• Your task: Your task is to write out the lines from the line containing "Borsa a Mano" through the last line of the material, exactly.

══ Recorded data ══

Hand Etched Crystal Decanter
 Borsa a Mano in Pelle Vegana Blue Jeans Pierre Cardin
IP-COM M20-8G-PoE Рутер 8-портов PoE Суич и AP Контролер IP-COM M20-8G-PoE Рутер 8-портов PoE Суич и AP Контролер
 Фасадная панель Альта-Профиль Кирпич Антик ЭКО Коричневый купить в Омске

═══

• Exercise answer:
 Borsa a Mano in Pelle Vegana Blue Jeans Pierre Cardin
IP-COM M20-8G-PoE Рутер 8-портов PoE Суич и AP Контролер IP-COM M20-8G-PoE Рутер 8-портов PoE Суич и AP Контролер
 Фасадная панель Альта-Профиль Кирпич Антик ЭКО Коричневый купить в Омске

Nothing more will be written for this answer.